On November 25, Hyundai Motors released its two most suitable places to set up its European factory as Poland and Slovakia, which will manufacture 300,000 cars per year. Joy and sorrows have mingled about, as Hyundai boiled down several choices into these final two. About $1.5 billion will be directly invested into the factory.

Can the overseas manufacturing system for Hyundai be established successfully without any trial-and-errors? - This process has been improved in order to carry out Hyundai’s goal of “Getting into Global Top 5 Car Maker by 2010.” “Hyundai is facing a turning point between leaping up as a global player and sinking down among the fierce international competition,” pointed out the source from the international car making world.

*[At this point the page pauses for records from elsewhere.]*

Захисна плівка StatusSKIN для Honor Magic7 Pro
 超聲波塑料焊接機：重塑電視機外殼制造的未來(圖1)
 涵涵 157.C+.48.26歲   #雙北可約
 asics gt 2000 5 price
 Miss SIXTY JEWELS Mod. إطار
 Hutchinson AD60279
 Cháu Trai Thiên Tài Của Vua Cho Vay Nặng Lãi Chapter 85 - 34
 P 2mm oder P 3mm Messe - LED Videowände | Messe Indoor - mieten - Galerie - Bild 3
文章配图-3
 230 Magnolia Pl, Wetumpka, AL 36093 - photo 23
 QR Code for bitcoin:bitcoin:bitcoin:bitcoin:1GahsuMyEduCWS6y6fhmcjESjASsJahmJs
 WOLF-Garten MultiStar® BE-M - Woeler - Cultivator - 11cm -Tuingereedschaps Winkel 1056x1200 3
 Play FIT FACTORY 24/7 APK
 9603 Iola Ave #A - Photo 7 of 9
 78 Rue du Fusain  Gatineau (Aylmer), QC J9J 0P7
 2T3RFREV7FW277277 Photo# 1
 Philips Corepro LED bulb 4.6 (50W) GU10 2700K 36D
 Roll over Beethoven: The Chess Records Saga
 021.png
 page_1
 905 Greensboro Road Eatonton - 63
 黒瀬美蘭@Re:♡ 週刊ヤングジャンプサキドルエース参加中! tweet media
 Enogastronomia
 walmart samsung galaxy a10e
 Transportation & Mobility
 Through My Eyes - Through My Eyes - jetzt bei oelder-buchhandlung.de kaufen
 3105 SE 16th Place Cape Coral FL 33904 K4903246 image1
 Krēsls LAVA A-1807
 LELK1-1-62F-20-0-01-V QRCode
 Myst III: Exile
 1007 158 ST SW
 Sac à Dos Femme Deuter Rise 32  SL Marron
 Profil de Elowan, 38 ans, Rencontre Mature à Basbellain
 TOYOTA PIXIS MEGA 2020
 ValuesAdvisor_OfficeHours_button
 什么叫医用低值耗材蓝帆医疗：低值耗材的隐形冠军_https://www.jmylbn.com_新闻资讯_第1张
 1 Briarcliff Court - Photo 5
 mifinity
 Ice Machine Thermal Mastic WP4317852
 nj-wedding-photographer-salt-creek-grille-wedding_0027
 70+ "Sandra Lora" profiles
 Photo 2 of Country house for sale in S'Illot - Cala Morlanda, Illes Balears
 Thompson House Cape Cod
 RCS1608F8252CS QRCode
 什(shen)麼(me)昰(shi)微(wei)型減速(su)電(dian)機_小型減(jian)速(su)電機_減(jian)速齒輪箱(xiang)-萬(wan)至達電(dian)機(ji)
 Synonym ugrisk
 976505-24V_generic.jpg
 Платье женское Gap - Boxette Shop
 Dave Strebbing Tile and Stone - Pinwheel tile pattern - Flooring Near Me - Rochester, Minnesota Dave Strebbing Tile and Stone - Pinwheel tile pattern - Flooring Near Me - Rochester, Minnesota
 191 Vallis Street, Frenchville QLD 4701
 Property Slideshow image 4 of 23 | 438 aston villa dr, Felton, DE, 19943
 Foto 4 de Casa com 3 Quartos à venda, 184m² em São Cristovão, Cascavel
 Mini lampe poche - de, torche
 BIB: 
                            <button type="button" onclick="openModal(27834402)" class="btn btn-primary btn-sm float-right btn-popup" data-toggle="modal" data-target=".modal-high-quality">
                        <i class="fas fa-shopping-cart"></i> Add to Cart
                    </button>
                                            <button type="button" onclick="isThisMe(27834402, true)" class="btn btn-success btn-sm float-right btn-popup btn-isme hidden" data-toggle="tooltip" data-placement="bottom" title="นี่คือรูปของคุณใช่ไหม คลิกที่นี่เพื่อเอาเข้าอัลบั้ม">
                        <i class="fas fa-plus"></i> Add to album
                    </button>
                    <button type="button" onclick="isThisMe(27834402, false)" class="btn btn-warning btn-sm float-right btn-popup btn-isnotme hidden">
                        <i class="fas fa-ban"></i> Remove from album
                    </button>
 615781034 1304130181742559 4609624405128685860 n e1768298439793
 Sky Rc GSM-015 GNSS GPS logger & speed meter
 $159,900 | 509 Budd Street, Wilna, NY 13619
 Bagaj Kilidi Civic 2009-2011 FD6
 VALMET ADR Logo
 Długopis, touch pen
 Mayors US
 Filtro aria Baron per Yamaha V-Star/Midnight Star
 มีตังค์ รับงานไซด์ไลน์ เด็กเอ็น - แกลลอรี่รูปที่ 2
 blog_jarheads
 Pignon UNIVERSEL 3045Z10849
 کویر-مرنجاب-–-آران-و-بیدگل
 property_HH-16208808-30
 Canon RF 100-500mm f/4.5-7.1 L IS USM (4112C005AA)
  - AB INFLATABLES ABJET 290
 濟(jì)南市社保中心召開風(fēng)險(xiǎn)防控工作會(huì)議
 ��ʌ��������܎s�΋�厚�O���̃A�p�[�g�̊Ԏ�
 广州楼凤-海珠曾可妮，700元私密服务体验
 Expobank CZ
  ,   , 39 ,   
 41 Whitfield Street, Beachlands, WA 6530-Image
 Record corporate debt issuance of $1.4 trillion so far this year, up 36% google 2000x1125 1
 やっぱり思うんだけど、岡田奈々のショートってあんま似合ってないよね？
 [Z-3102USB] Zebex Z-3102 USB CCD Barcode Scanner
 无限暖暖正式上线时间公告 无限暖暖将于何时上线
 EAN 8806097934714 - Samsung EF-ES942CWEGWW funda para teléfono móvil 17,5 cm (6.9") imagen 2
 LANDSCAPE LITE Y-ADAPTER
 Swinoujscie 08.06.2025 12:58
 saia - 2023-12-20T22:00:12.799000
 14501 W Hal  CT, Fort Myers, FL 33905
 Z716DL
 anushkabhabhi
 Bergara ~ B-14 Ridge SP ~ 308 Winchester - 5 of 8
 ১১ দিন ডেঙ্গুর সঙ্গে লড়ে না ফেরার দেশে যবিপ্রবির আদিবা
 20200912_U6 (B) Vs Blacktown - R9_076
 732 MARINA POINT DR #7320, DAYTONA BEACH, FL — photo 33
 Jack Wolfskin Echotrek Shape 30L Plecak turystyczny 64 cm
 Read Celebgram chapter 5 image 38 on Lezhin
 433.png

Establishing the overseas manufacturing system – When Hyundai finally nails down its European factory location in February 2004, the globalization process will be wrapped up for the moment. Following the factories in the U.S., China, India, and Turkey, their fifth overseas outpost, the factory in Europe, will be built. They have also decided to add more manufacturing facilities in their Chinese factory, three years earlier than what had been previously planned. Increasing the manufacturing capacity of the first factory from a current 50,000 cars a year to 300,000 cars a year by 2005, these measures were dreamt up to develop a new second factory to build 300,000 more cars a year.

If their globalization plan works well, their overseas manufacturing will be increased from the current 250,000 cars (China, India, Turkey) to about 1.7 million by late 2007. In addition, with Kia Motors (Hyundai’s sister company), their total manufacturing capacity by 2010 will be three million in the domestic factories and two million in overseas factories.

Having overseas manufacturing outposts means more than just expecting an increased amount of total sales. This will remove the cheap image of Hyundai, which has been pointed out as the primary factor for decreasing their brand value. “The amount of overseas sales could have helped them receive a ‘Fair’ grade in terms of investment credit status, but the fact that they are depending too much on domestic factories has depreciated their grade a lot, forcing them to receive a ‘Poor’ grade in credit status so far,” remarked Kim Hak-ju, the analyst of Samsung Securities.

“Toyota’s stock price did not reach 1,000 yen until 1985, but the price has since increased to the 2,000 yen level by 1988,” advised Cho Yong-jun, the Daewoo Securities’ analyst, adding, “Their skyrocketed value corresponds with their success in setting up overseas manufacturing outposts and steady globalization.”

Can globalization be successful? – The problem is how much is the possibility for success. The opinions of the experts are going towards “There are signs of success,” as Hyundai has increased its market occupying ratio in the U.S. and China, which together comprises 40 percent of the world car market, by 5.2 million cars a year, growing slowly based on their unique selling power and competitive prices.

They have already passed the 500,000 cars level in China which they had barely entered last year. Considering the current tendencies, their goal of accomplishing 8 percent (600,000 cars) of market occupying ratio in 2007 would not be a hard task for them.

“Volkswagen, the current leading car maker in China, has rapidly fallen back from 50 percent in 2000 to 30 percent this year,” said analyst Cho, adding, “Hyundai Motors has enough chances of victory in terms of competitive price and quality.”

In addition, in the U.S. market, they are being recognized not only for the competitive price, but also for the quality of their parts. Customers’ benchmarking surveyor, JD Power, has periodically performed the Incipient Quality Survey (IQS) on a total of 30 car makers in the U.S. Hyundai Motors placed 13th in the latest survey, an increase of 10 spots in a year.

But, they still have many weak points. Weak experiences in globalization, lack of a luxury car which can increase their brand value, regimented organizations, and erratic company management system are the major factors which can deter Hyundai in its goal to be a competitive global company in the future, pointed out the experts.